**MATERIAL PROVIDED**
○ ○ ○ ○
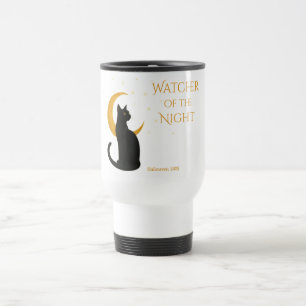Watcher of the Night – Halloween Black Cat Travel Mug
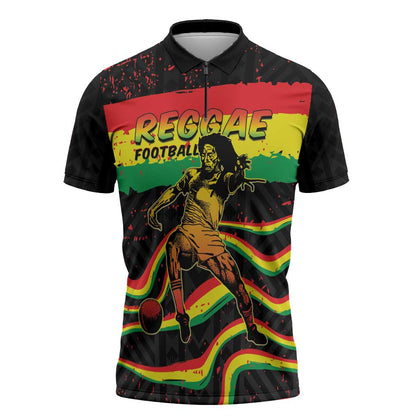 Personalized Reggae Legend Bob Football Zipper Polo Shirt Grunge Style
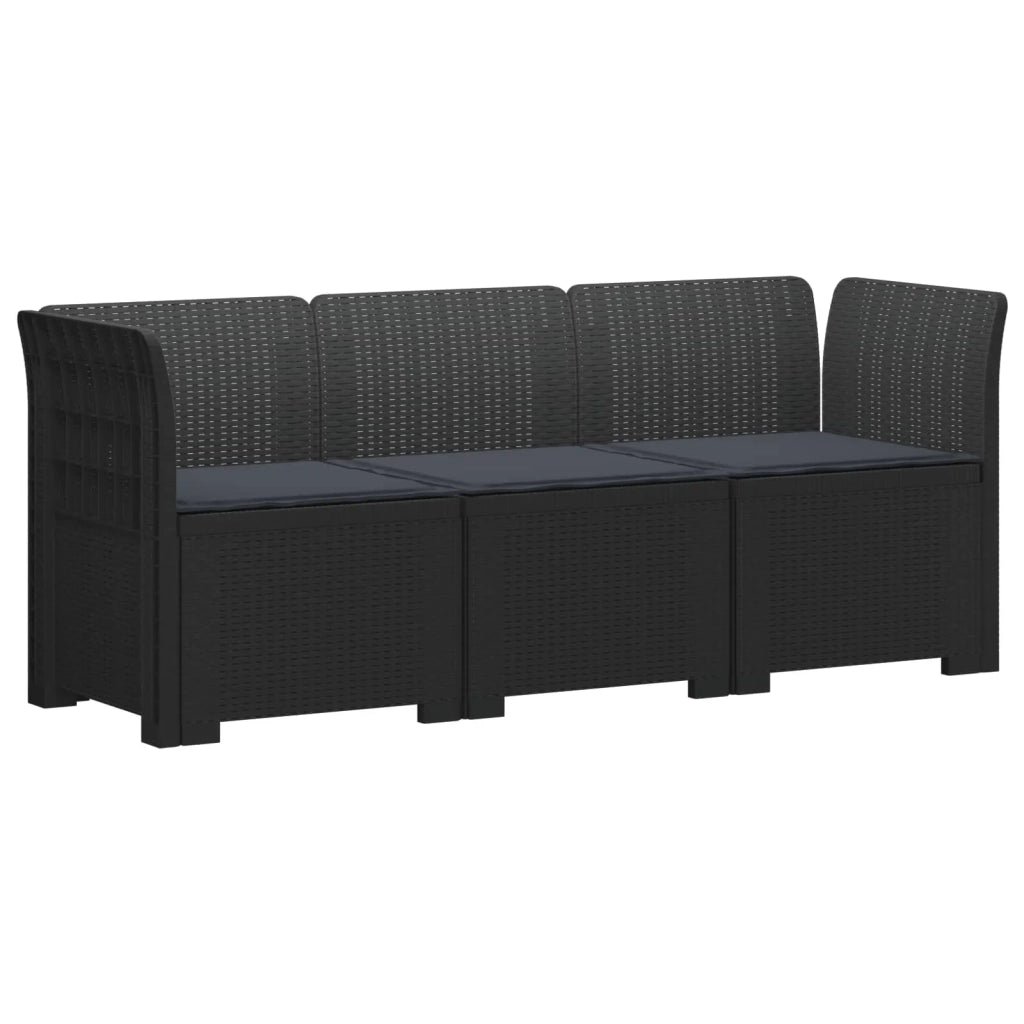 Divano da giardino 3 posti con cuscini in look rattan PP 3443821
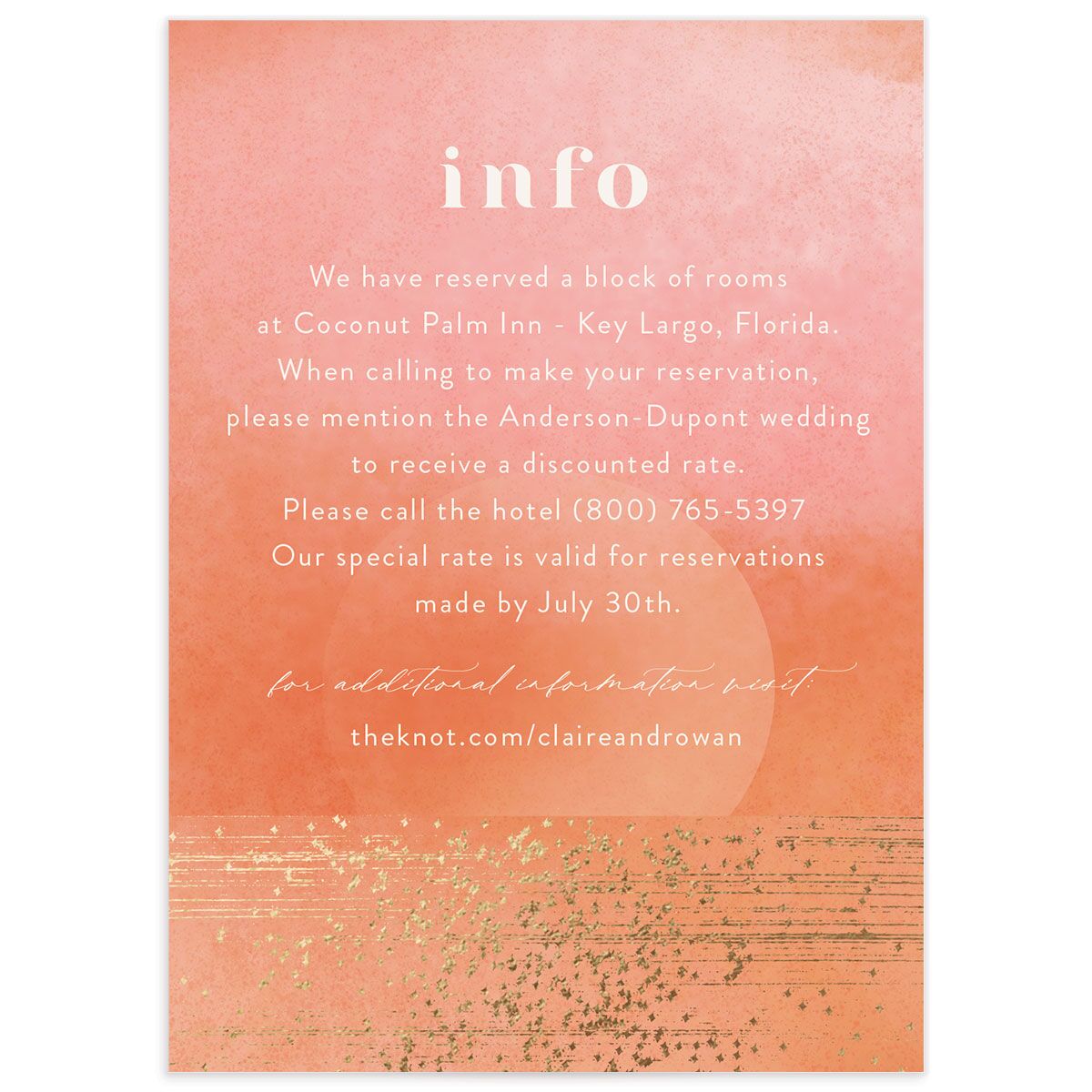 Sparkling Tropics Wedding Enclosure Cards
○ ○ ○ ○
**TASK DESCRIPTION**
Leaving all pictures aside, print exactly the lines from the one that contains "Personalized Reggae Legend" through the last line of the data above, inclusive.

**PROBLEM SOLUTION**
 Personalized Reggae Legend Bob Football Zipper Polo Shirt Grunge Style
 Divano da giardino 3 posti con cuscini in look rattan PP 3443821
 Sparkling Tropics Wedding Enclosure Cards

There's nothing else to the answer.